▶ **Directions**
Copy out, precisely as given, the lines from the line with "Terrier-Poodle Mix Puppies" to the end of the entries that follow.

Data for this task START

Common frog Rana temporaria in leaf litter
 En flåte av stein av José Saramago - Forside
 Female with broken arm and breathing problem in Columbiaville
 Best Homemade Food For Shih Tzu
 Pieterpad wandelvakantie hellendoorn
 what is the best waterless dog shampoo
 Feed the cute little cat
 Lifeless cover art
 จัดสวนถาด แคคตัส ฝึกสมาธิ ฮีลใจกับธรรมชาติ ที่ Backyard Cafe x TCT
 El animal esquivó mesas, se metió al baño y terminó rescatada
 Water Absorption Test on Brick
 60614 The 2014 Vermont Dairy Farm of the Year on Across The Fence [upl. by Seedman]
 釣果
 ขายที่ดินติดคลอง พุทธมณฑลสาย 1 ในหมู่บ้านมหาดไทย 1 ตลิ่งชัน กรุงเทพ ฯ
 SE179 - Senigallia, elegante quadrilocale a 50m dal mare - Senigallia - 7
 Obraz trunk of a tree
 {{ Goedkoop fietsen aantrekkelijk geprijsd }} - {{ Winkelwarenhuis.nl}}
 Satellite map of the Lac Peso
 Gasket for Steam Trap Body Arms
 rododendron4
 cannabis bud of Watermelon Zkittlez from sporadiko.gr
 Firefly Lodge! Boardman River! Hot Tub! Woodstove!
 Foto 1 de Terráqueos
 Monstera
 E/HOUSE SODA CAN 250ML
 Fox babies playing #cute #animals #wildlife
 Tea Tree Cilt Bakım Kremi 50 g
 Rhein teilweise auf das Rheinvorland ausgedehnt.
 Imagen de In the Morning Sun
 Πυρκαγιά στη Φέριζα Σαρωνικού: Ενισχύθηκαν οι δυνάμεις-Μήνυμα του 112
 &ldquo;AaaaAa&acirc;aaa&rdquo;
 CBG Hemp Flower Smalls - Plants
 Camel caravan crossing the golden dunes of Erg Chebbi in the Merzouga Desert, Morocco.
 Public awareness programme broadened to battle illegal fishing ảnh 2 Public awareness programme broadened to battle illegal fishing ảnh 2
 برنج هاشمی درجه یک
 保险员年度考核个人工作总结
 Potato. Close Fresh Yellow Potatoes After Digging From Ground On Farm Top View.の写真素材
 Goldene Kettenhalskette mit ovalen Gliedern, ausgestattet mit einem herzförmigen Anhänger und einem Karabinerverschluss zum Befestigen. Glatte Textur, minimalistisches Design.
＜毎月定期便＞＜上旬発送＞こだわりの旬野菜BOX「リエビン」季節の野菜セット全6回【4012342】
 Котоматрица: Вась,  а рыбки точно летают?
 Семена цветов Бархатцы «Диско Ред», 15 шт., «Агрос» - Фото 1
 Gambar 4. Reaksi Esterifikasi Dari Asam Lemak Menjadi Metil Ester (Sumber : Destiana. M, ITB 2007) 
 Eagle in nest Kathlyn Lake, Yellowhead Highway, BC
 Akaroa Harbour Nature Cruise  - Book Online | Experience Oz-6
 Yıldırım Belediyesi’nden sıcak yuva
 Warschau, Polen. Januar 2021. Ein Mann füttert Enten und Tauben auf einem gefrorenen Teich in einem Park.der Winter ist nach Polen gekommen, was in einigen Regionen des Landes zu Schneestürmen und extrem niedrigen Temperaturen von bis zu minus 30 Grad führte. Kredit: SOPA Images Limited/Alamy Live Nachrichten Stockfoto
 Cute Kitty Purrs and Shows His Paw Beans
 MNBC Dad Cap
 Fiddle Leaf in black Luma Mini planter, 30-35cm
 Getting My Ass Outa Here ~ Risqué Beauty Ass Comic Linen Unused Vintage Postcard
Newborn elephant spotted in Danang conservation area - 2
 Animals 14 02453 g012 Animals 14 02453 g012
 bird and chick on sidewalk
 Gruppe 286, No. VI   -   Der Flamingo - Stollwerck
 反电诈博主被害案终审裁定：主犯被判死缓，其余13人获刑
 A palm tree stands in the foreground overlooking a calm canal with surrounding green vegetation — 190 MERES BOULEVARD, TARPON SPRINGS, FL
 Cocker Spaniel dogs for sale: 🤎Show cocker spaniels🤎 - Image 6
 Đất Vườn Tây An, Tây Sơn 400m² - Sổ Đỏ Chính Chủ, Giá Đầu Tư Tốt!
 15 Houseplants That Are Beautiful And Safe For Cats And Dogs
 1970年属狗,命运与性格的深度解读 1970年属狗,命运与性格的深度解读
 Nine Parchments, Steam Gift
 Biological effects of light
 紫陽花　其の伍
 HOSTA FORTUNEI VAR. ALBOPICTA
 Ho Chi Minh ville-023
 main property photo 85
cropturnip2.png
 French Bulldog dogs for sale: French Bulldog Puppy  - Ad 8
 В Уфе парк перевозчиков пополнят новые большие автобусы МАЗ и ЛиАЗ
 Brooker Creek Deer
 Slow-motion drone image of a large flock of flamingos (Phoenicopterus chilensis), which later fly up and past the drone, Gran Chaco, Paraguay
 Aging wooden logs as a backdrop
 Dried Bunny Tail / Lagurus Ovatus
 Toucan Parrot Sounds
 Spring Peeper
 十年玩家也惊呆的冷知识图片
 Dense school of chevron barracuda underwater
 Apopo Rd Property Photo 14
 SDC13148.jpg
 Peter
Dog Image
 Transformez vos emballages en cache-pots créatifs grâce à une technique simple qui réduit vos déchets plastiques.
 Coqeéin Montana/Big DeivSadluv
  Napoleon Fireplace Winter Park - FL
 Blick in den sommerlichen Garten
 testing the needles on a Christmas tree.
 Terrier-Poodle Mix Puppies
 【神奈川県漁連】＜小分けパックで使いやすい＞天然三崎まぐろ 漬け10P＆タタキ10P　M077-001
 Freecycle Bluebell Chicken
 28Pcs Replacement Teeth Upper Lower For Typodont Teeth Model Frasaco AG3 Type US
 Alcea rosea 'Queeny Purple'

Data for this task END

▶ **Reply to the exercise**
 Terrier-Poodle Mix Puppies
 【神奈川県漁連】＜小分けパックで使いやすい＞天然三崎まぐろ 漬け10P＆タタキ10P　M077-001
 Freecycle Bluebell Chicken
 28Pcs Replacement Teeth Upper Lower For Typodont Teeth Model Frasaco AG3 Type US
 Alcea rosea 'Queeny Purple'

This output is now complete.